# Subwoofers and amps ohms?



## altimobile (Jan 9, 2004)

Ok, I'm a little confused about this "ohms" stuff. Lets say you have a single sub with dual 2ohm voice coils so you can run it on a 1 or 4 ohm load, and you also have an amplifier that gives you a certain amount of watts depending on the ohms and it is 1 ohm stable. There is going to be a lot more watts at 1 ohm than 4 right. I have been looking at amps to run my subs lately. I have either a single 4 ohm JL 10wo, or I also have 2 8 ohm JL 12s run in paralel for a 4 ohm load. So is it just a matter of what sub you have that determines the load on the amp? It seems like if I get a new sub, like a 1 ohm sub I will get way more out of the same amp than I would with my subs now.?


----------



## sr20dem0n (Mar 19, 2003)

yep, everything you said is right

If you got a 1ohm stable amp, and you got a sub that can be run at 1ohm, you would be pulling the most power out of that amp that you can, and running it at any higher impedence will basically cut the amp off at the knees and only let it put out half or 1/4 of the power that it's capable of producing (this is assuming the amp isn't regulated, amps like JL, JBL monoblocks, and PG monoblocks don't really follow this). If you have a sub that can only be run at 4ohm, then you would want to get a 2ch amp that you can bridge to the sub(s), because 99% of 2ch amps are only stable down to 4ohm when bridged, so you would be running it to its max potential.


----------



## wickedsr20 (Aug 8, 2002)

Also depends on the amp being used.

If you have a mono amp that's 1 ohm stable, then it will kick out it's highest power with a 1 ohm load.

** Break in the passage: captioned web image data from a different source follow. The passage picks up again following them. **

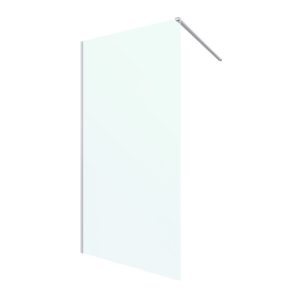 Изображение товара 1157542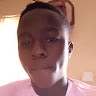 mumbere ronic
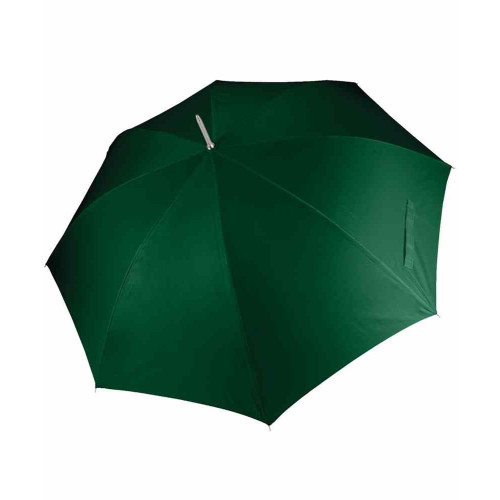 KiMood Golf Umbrella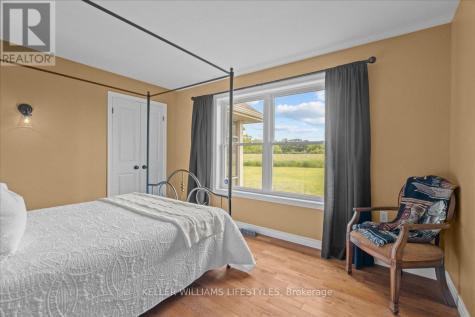 25728 Mcmurchy Line West Elgin ON N0L 2P0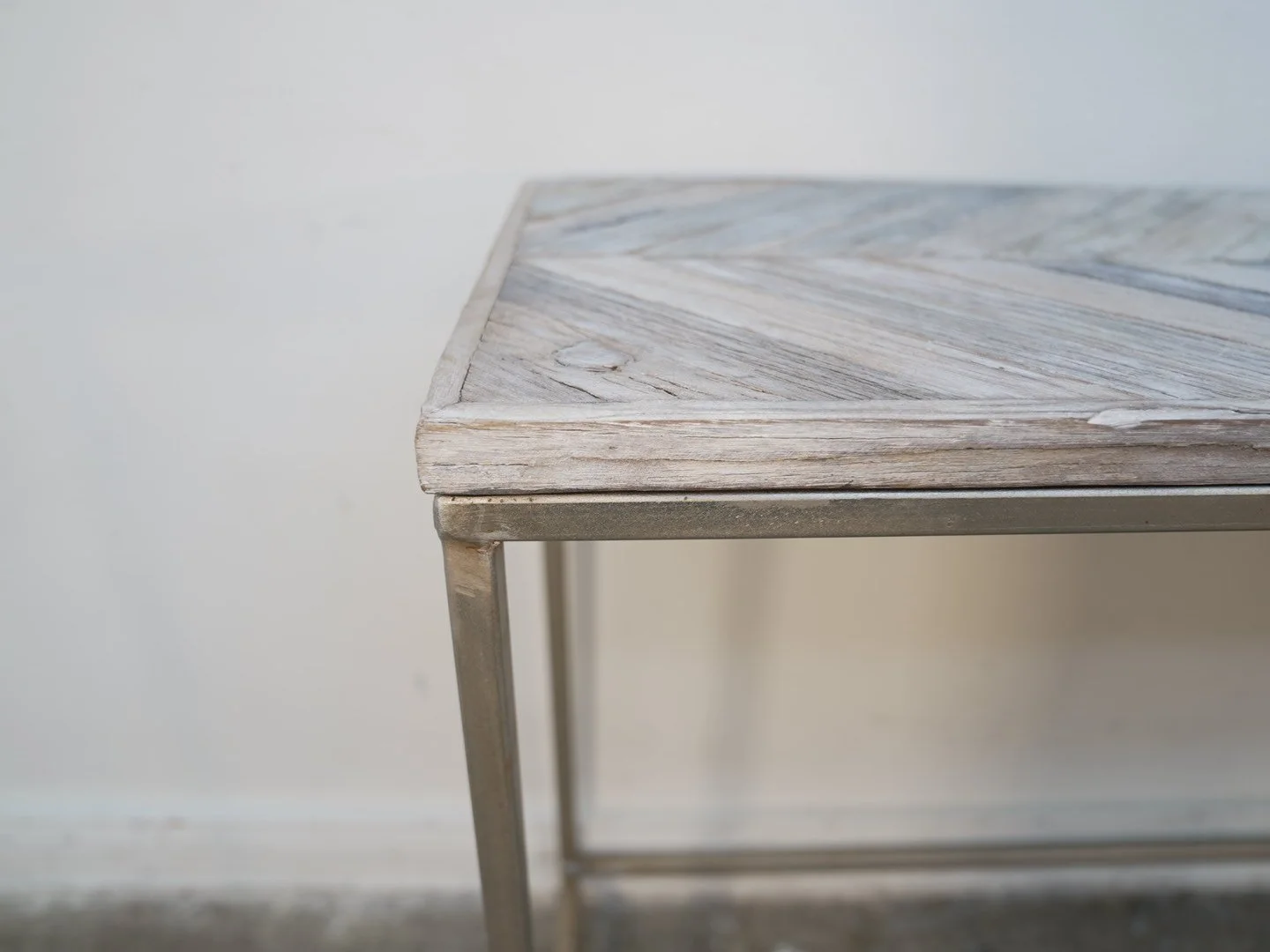 Photo Feb 19 2026, 12 33 49 PM.jpg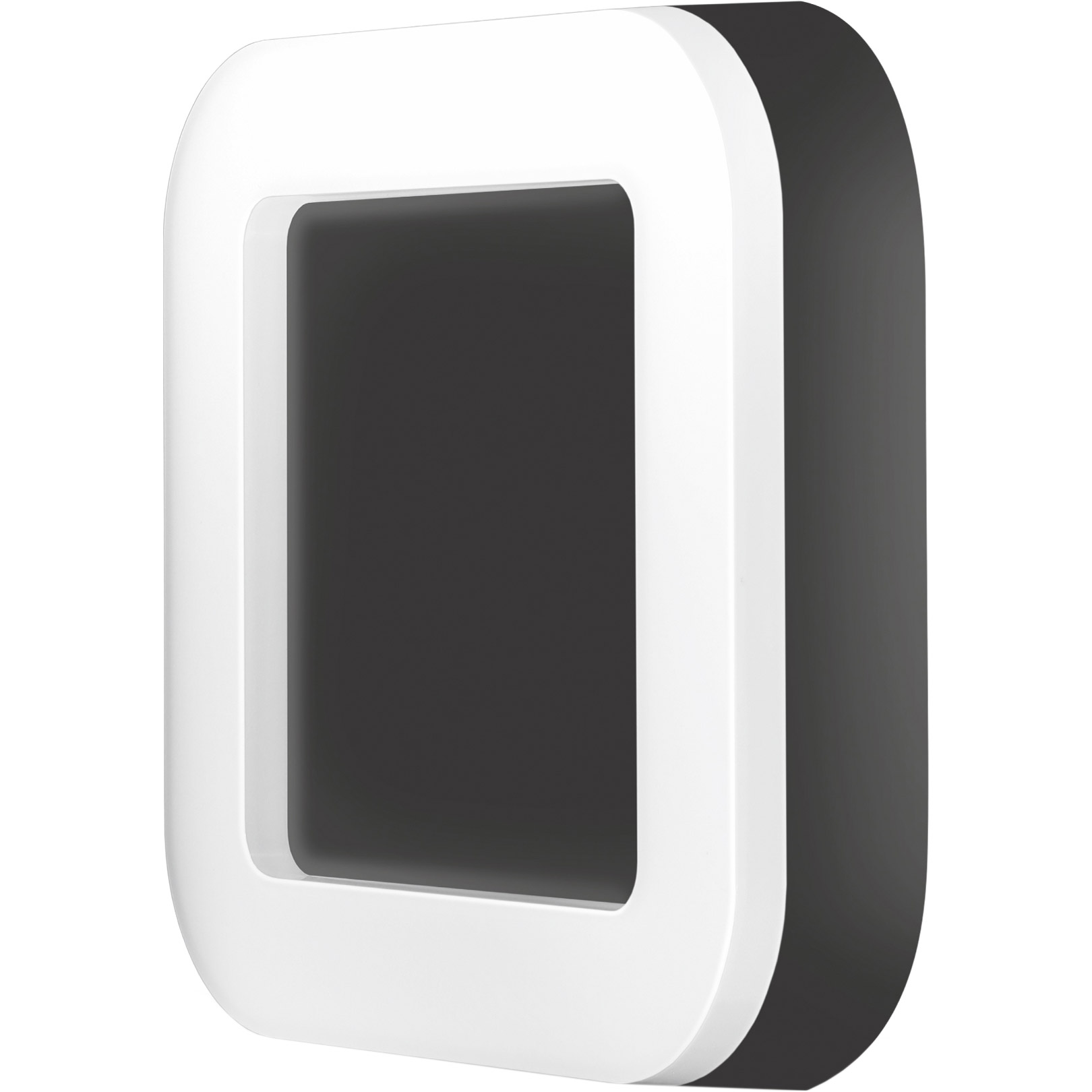 Светильник VIDEX Art Black 30W 5000K Square (VL-BHFS-305B)
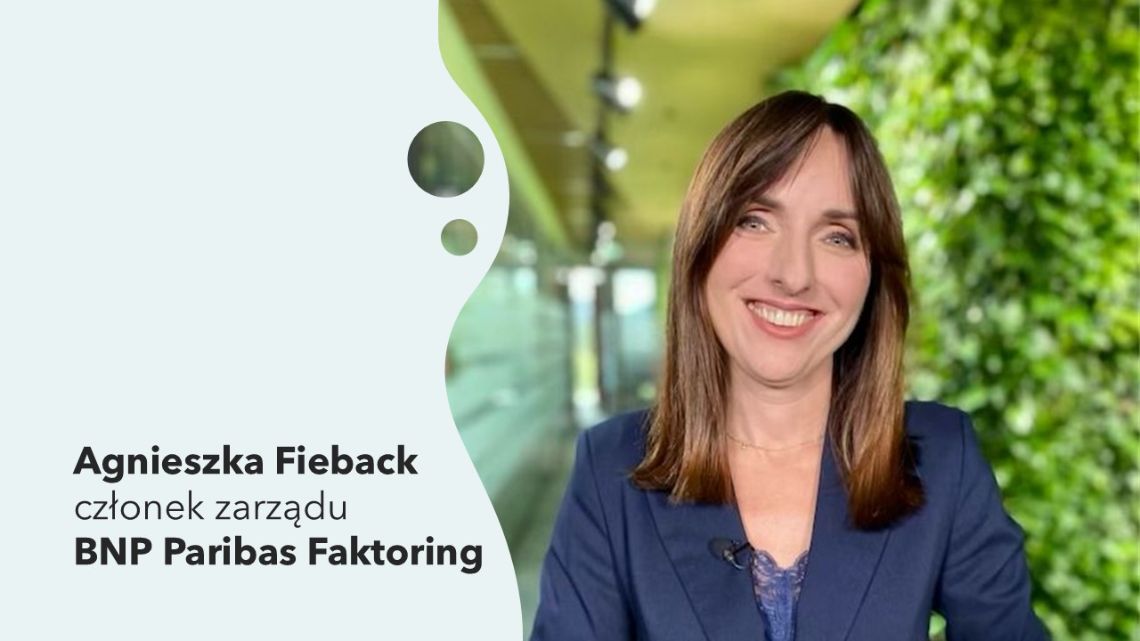 Agnieszka Fieback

If you have a 2 channel stereo amp that's 1 ohm stable, then it will kick out it's highest power with a 1 ohm per channel stereo load OR a 2 ohm mono load.


----------



## altimobile (Jan 9, 2004)

How bout the Phoenix Gold 2.5:2 2 on E-Bay for $99.00 Says its like 250 rms in bridged @ 4 ohms. I think I need to get two of those. One for my components up front and another for my subs.


----------